(DATA SHOWN)
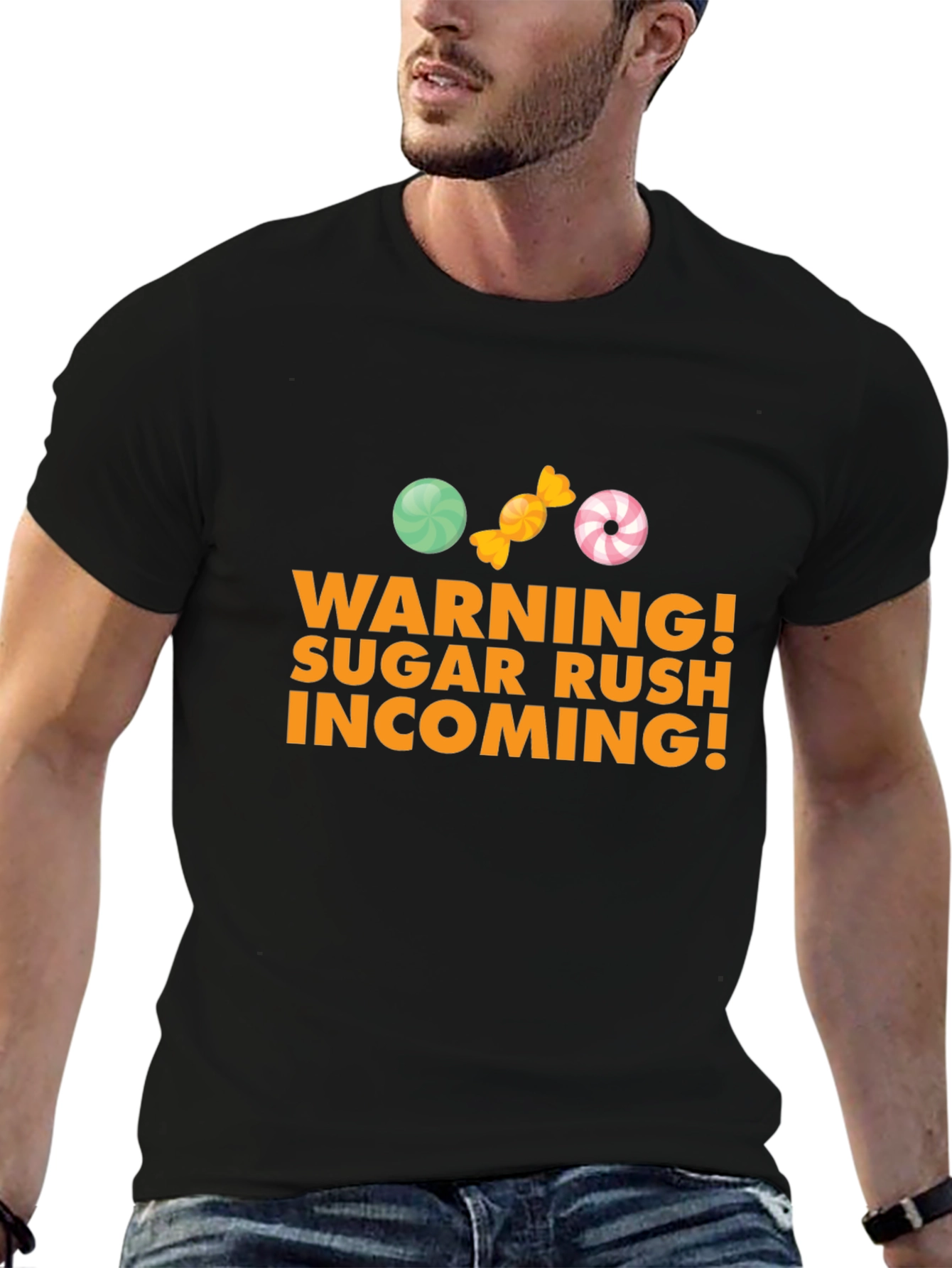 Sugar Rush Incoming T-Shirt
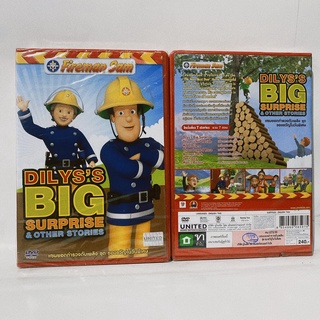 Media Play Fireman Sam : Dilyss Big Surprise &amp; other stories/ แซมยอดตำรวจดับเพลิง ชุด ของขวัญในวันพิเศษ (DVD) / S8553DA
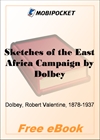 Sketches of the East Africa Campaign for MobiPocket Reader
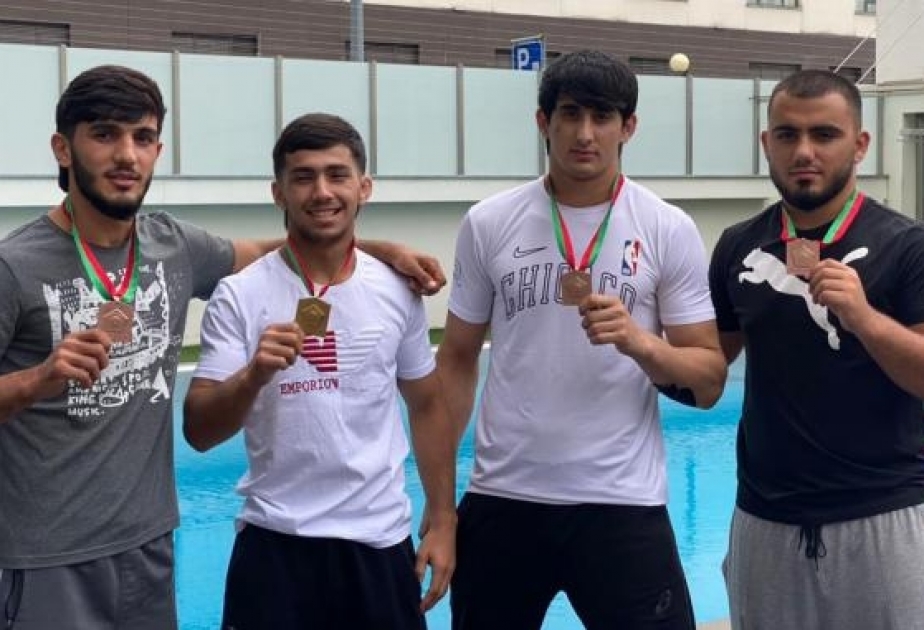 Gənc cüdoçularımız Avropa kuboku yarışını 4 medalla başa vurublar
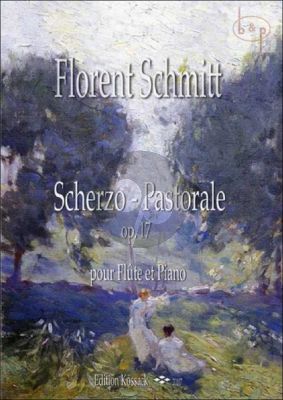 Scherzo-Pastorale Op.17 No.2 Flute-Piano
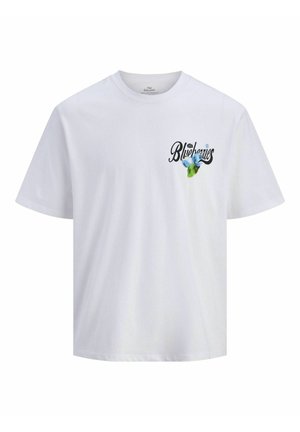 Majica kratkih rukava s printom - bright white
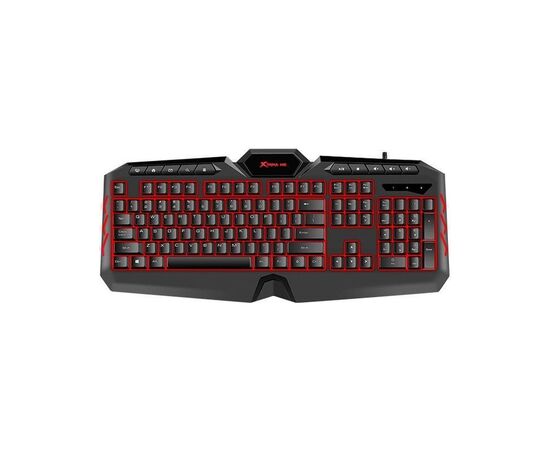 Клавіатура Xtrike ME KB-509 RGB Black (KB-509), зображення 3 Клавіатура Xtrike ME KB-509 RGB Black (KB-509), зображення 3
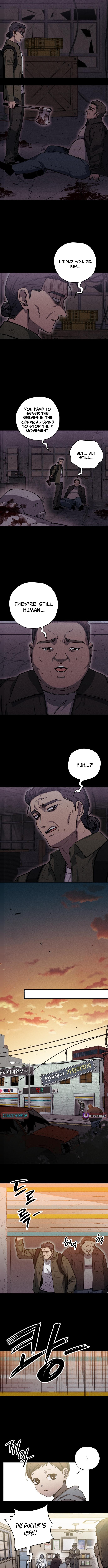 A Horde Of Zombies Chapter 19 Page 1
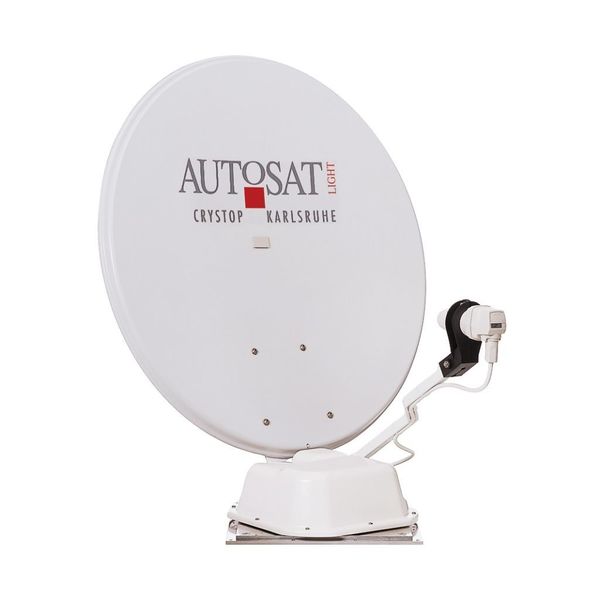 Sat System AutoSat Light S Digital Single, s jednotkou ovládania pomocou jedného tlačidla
(End DATA SHOWN)
WHAT YOU WILL DO:
Repeat exactly the lines above, starting at the one that contains "Majica kratkih rukava" and stopping at the last line of the entries, and leave out the pictures.

TASK ANSWER:
 Majica kratkih rukava s printom - bright white
 Клавіатура Xtrike ME KB-509 RGB Black (KB-509), зображення 3 Клавіатура Xtrike ME KB-509 RGB Black (KB-509), зображення 3
 A Horde Of Zombies Chapter 19 Page 1
 Sat System AutoSat Light S Digital Single, s jednotkou ovládania pomocou jedného tlačidla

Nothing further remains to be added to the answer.